There I was, ordained, with a ministerial position, and with a preaching style I felt was finally starting to gel together and define itself. I was quite comfortable with myself and my preaching style; personal, persuasive, practical. It was one of those, perhaps rare, moments when ministry and your place in it makes sense...Then God gave me my latest sermon topic. I watched in baffled amazement as a sermon began to form on the page before me that was nothing like "me" - all fire and brimstone, talking of consequences and wrong-mindedness. Horrifying. I had gotten quite comfortable being the "love preacher," who brought up challenging but liberating truths gently and personally.
I have learned that when I get comfortable, God loves to stretch me and grow me to the next level. I had gotten comfortable with a style of ministry that involved very little confrontation. (How very un-prophetic of me.) So, of course, God appears to tear down the reassuring fences and limitations I had built around me.
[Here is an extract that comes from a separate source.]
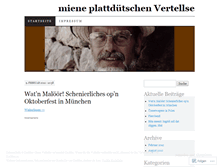 Tablet Screenshot of hannselsplattdeutsch.wordpress.com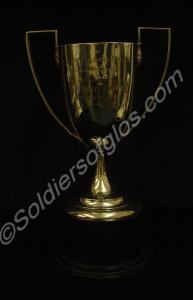 Silver Boxing cup and plinth. The Navy and Army Bo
This Sunday I'm preaching a sermon on Amos 5:20-24 entitled, "Check Yourself Before You Wreck Yourself," and I'm more than a little bit terrified. I often get that way when I sense God is going to do something beyond what I can anticipate. There is always something exhilarating and unpredictable about serving a Living God, as opposed to a figment of my imagination.
I am reminded of a pastor's comment to me, "We want good for ourselves, but God wants best for us." - Thank you Reverend Kouadio!
So I will leap forward, heart racing, into the path God has placed before me, dying (daily, as Paul said) to see how God continues to transform and enliven me.